# Help in finding a job in events!



## manjeet79 (May 18, 2010)

Hi, I am currently living in the UK, my partner has recently moved to Dubai to take up a job with Emirates. I would like to join him as soon as possible!

I am interested in events, is there a huge market for this in UAE?

How can I get into this industry without having a degree?

Are there specialist agencies specifically for events?

Any help would be much appreciated 

Thank you

Manj


----------



## sdh080 (Jan 20, 2010)

manjeet79 said:


> Hi, I am currently living in the UK, my partner has recently moved to Dubai to take up a job with Emirates. I would like to join him as soon as possible!
> 
> I am interested in events, is there a huge market for this in UAE?
> 
> ...


"Events" is a pretty wide-ranging term, can you be a bit more specific?


----------



## manjeet79 (May 18, 2010)

Events as in organising fundays, charity events, corporate events, exhibitions..


----------



## saima1215 (May 31, 2010)

Hi! I may be a bit off topic. I was just wondering - how did your partner get a job in Emirates. I've been applying non-stop for the past 8 months and haven't gotten any calls. I know i'm qualified enough. I have a great deal of experience. If you want you can send me a personal message. Thanks. 





manjeet79 said:


> Hi, I am currently living in the UK, my partner has recently moved to Dubai to take up a job with Emirates. I would like to join him as soon as possible!
> 
> I am interested in events, is there a huge market for this in UAE?
> 
> ...


----------



## manjeet79 (May 18, 2010)

How do you send a personal message?

Thanks

Manj


----------



## saima1215 (May 31, 2010)

Click on my name and there will be an option or you can email me on 
. 

Thanks!


----------



## Jynxgirl (Nov 27, 2009)

You have to have posted at least four posts, and then when you click on the name, a 'new' option will appear that will allow to to send a message to the person. 

They put a requirement of a min posts so that new people can not just start messaging and spamming members.


----------



## Taurean (Jun 17, 2010)

Hi Saima, Emirates is hiring big time... I know this for sure because some of my friends have joined emirates recently. I am also about to join them from next week.
Which department are you trying to get a job in?


----------



## Elphaba (Jan 24, 2008)

manjeet79 said:


> Events as in organising fundays, charity events, corporate events, exhibitions..

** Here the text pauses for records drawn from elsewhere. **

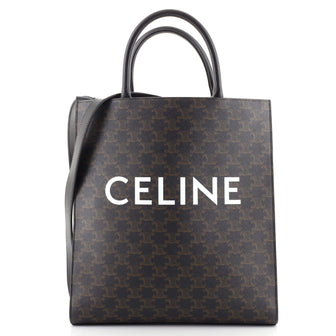 Celine Vertical Cabas Tote Triomphe Coated Canvas Small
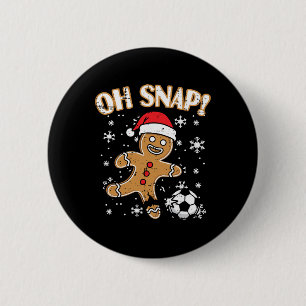 Christmas Gingerbread Soccer Oh Snap Funny Xmas Bo 6 Cm Round Badge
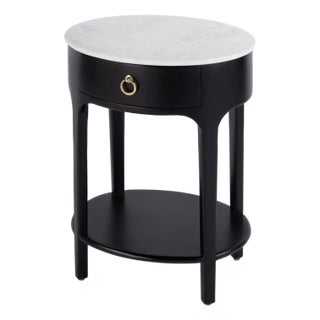 Ellen 18.25 in. W Oval Marble and Wood 1 Drawer Nightstand, Black For Sale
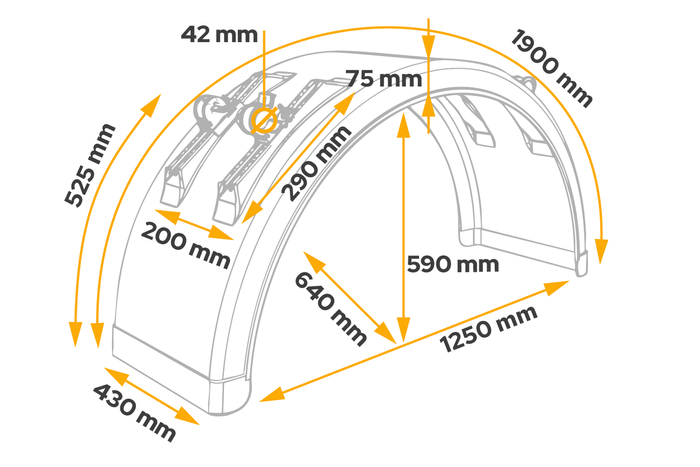 Blatník pro přívěs 19,5-22,5" DOMAR DK3075 podběh kola 1250/430 mm s montážními konzolami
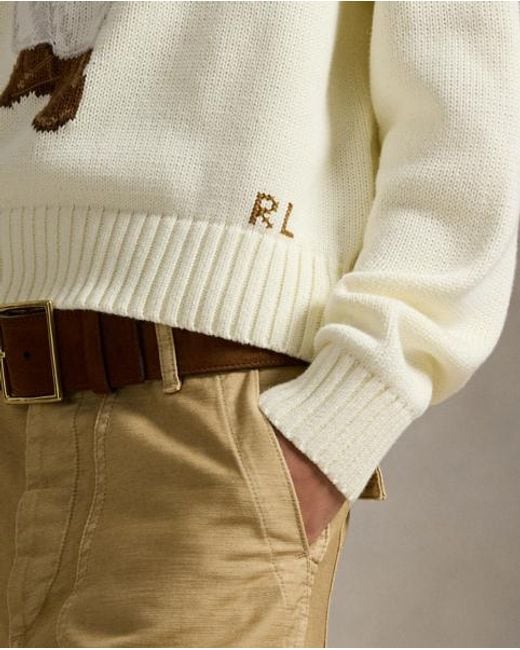 Polo Ralph Lauren Natural Polo Bear Cotton Crewneck Jumper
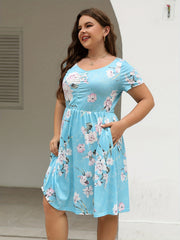 Casual Dress Women's Plus Floral Print Short Sleeve Round Neck Dress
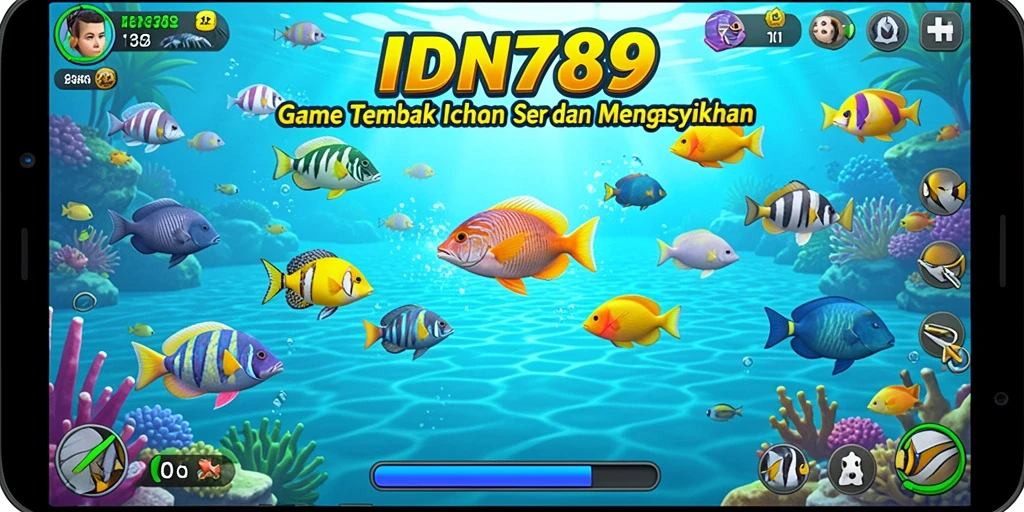Tampilan screenshot IDN789 dengan gameplay menembak ikan yang menarik.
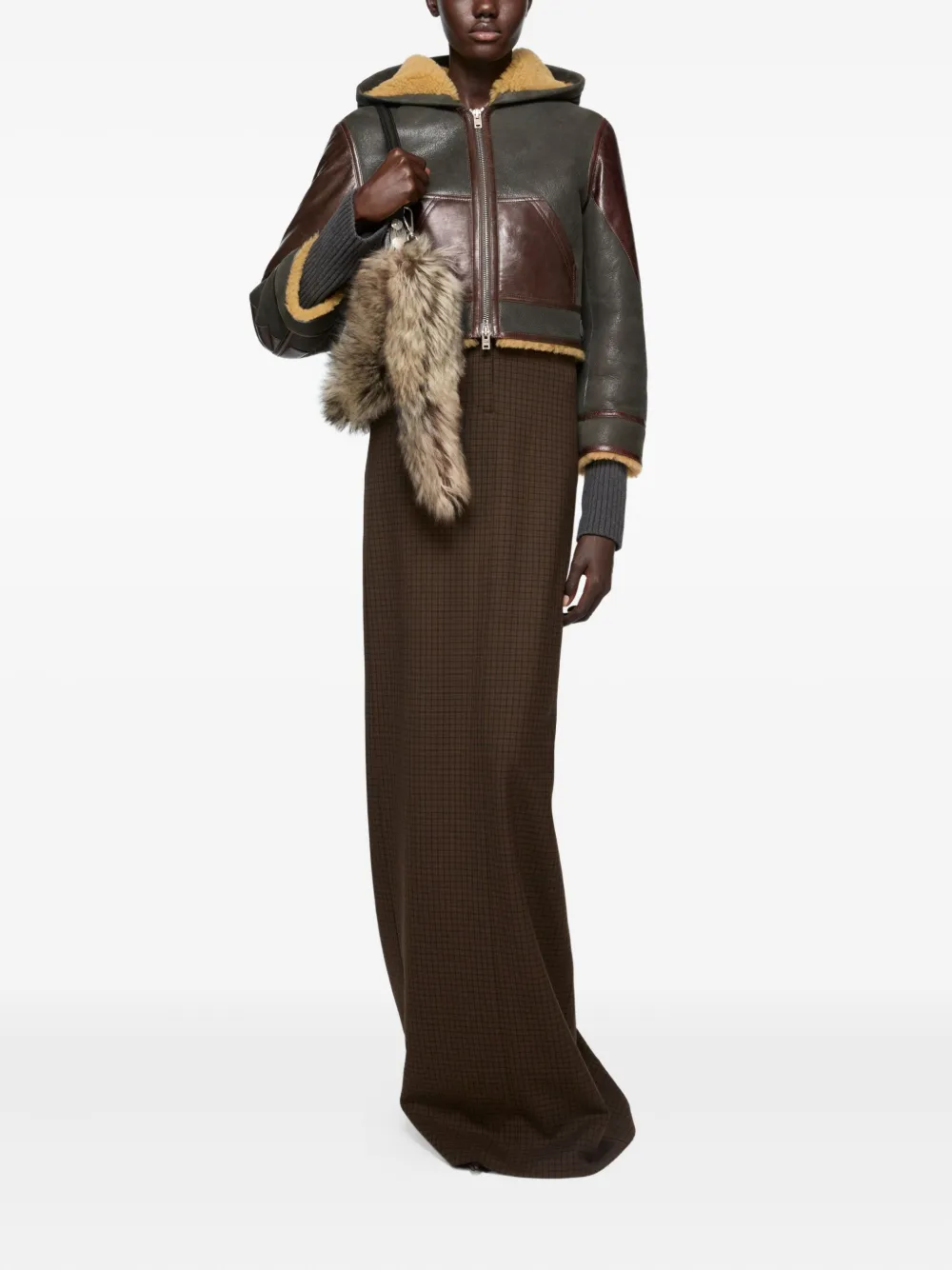 Acne Studios hooded leather jacket - Brown
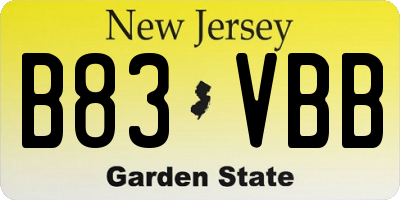NJ license plate B83VBB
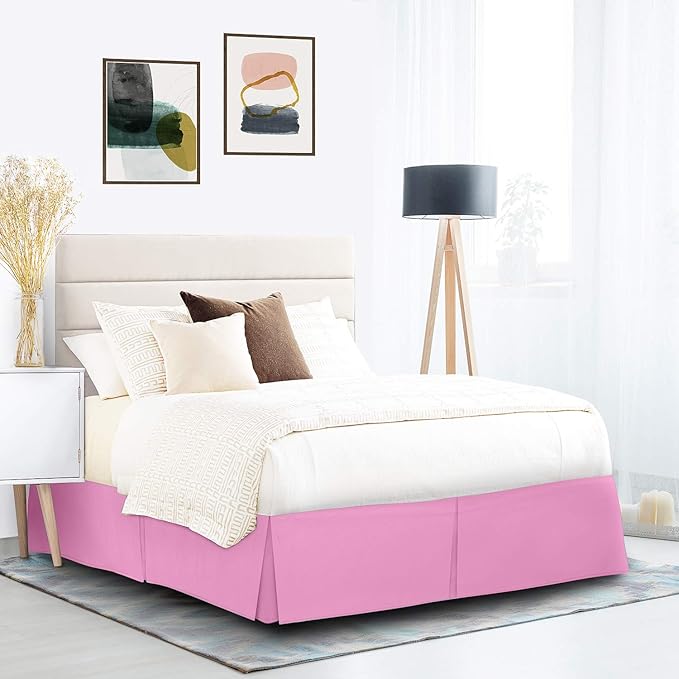 Nestl Light Pink Full XL Bed Skirt - Full XL Size Bed Skirt 14 Inch Drop - Brushed Microfiber Bed Skirts - Hotel Quality Pleated Bed Skirt - Shrinkage & Fade Resistant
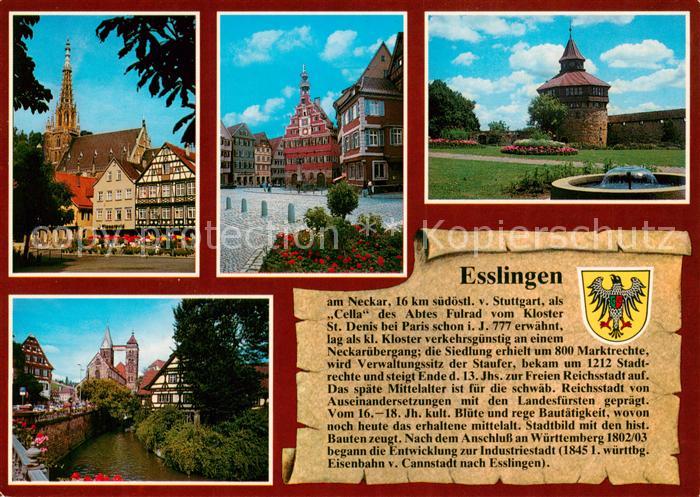 Chronik-AK Esslingen Altes Rathaus Marktplatz Stadtkirche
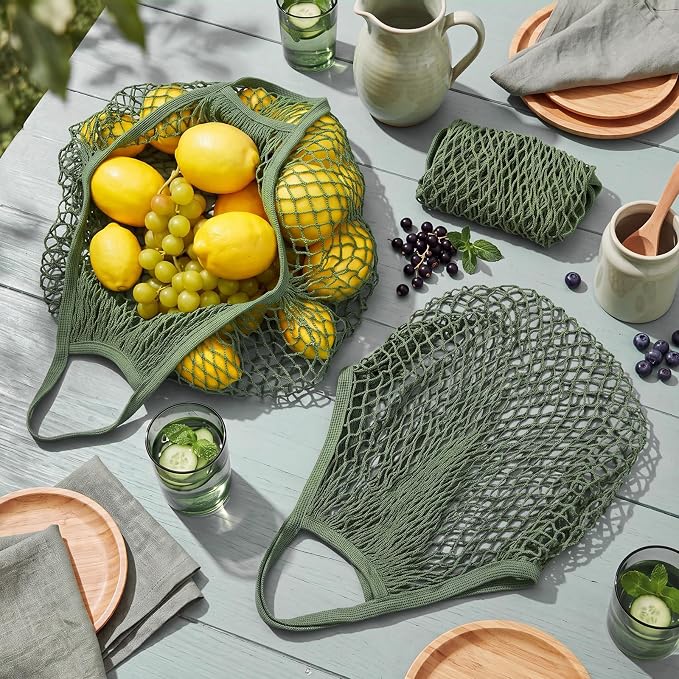 Woanger 24 Pcs Green Short Handle Reusable Cotton Mesh Produce Shopping Bags Washable Grocery Net Portable Fruit and Vegetable Cotton String Bags Net Tote Organizer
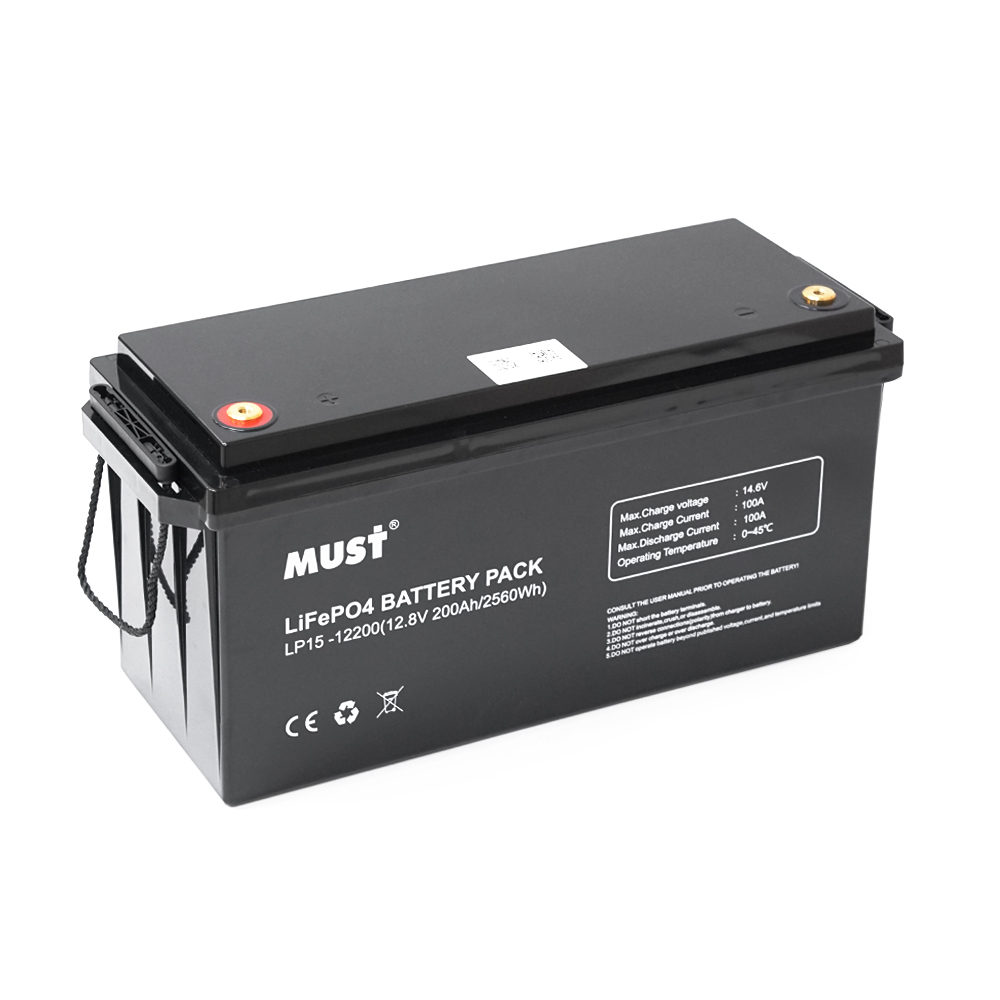 Акумуляторна батарея lifepo4 Must lp1512200 128v 200ah 256kwh bms 100a 6000 циклів 502x185x243 мм (YUT_V10629)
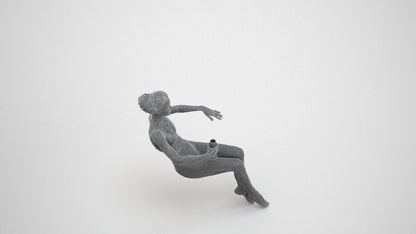 3D human model woman pool, photogrammetry scanned person for archviz, wireframe three-quarter view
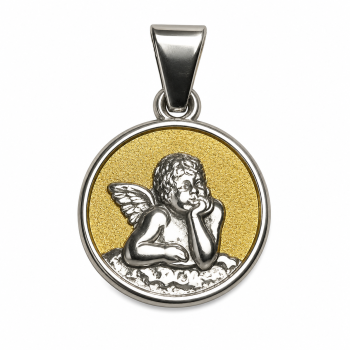 Taufanhänger Rund Taufgeschenk Schutzengel Gelbgold Weißgold 585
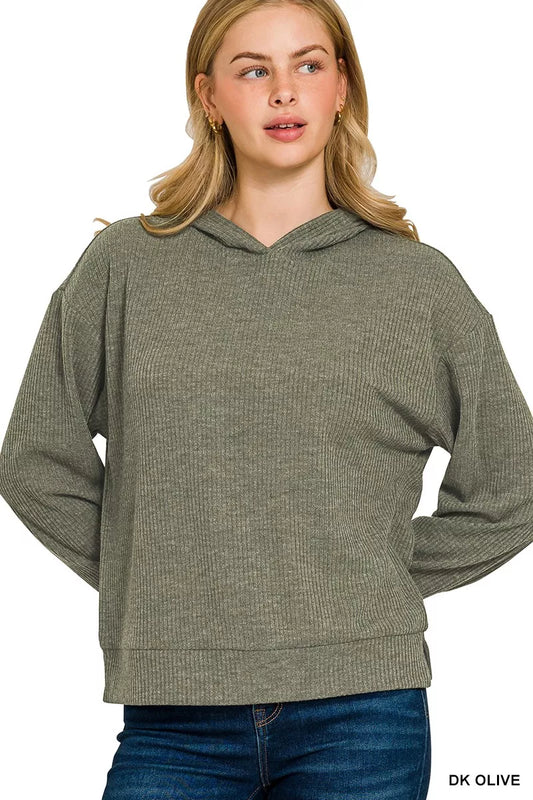 Zenana Ribbed Long Sleeve Hoodie - Tigbul's Variety Fashion Shop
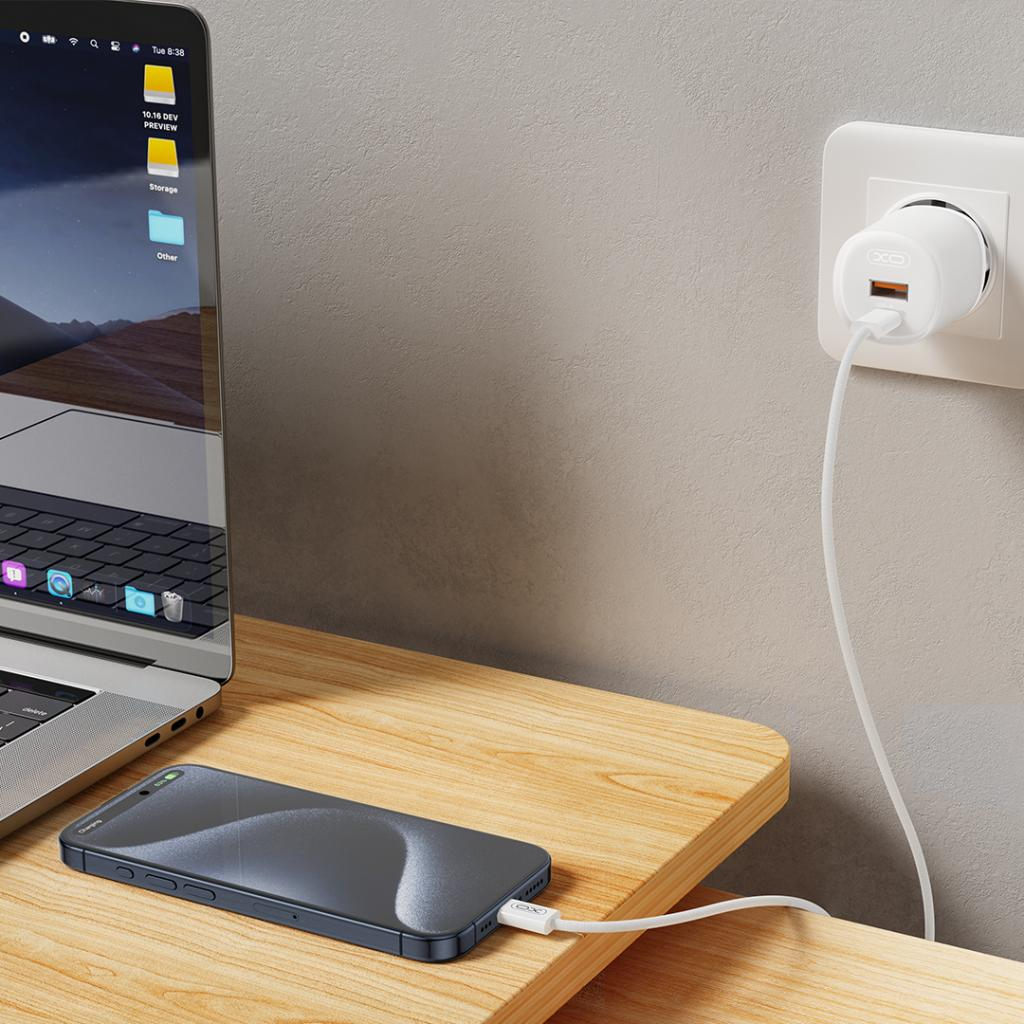 Punjač za mrežu s USB-C kabelom XO Design L151, 30W, 3A, 1 x USB-A - 1 x USB-C, Bijeli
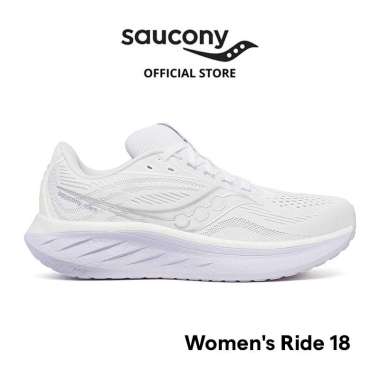 Sepatu Lari Wanita SAUCONY Shoes Ride 18 Women - White / Thistle 37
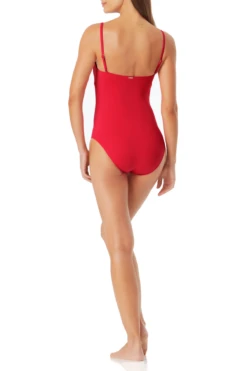 Anne Cole - Classic Moderate Leg Maillot One Piece Swimsuit -Chic Swimwear Shop annd cole live in color classic moderate leg one piece bery back 1534 21MO00101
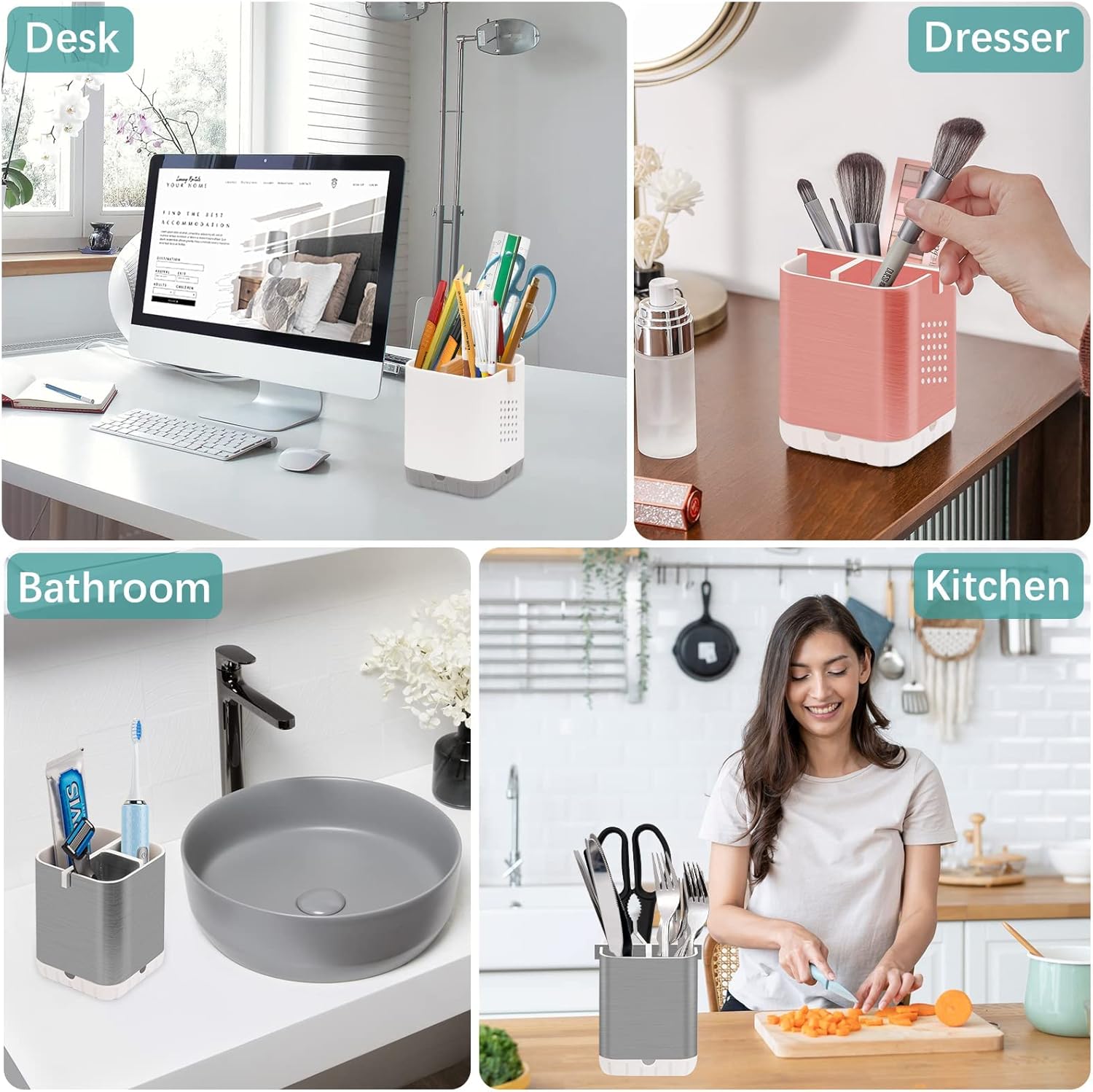 Boperzi 3-Slot Toothbrush Holder with Drainage and Divider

There are a number of companies that organise events, the biggest of which is probably IIR. I suggest you track down the various companies (google will be your friend) and apply directly.
-


----------



## manjeet79 (May 18, 2010)

Elphaba said:


> There are a number of companies that organise events, the biggest of which is probably IIR. I suggest you track down the various companies (google will be your friend) and apply directly.
> -


Thank you for your response - I will definately try that


----------



## danpardy (Jun 23, 2010)

manjeet79 said:


> Thank you for your response - I will definately try that


If you have any luck and get into events then give me a shout if you need a sound engineer. I'm moving over in August to teach, but have worked 10yrs as a professional musician.

Dan


----------



## Yoga girl (Oct 19, 2008)

manjeet79 said:


> Hi, I am currently living in the UK, my partner has recently moved to Dubai to take up a job with Emirates. I would like to join him as soon as possible!
> 
> I am interested in events, is there a huge market for this in UAE?
> 
> ...


Hi Manj
if you have experience in the field then i suggest you get in touch with ESP International.They are the sole HR recruitment company for the Events field in Dubai.
There are a number of openings at the moment in several of the big evetns companies but many do not bother to post or publicise it anywhere as it is mostly word of mouth. 
What exactly are you looking into doing?
I also suggest bayt.com as there were a few positions in the last few weeks for events. Ultimately though it would help if you were out here as they will prefer to recruit people they know who are already here and settled. 

I also suggest you look at the companies which have HQ in the UK and get in touch with HQ for positions out here. 

A good place to start to see all the companies involved is this website
www sourcemiddleeast com

Good luck!! It is just a matter of getting your foot in the door in this industry out here. Once you do that and you build the contacts it is all plain sailing.


----------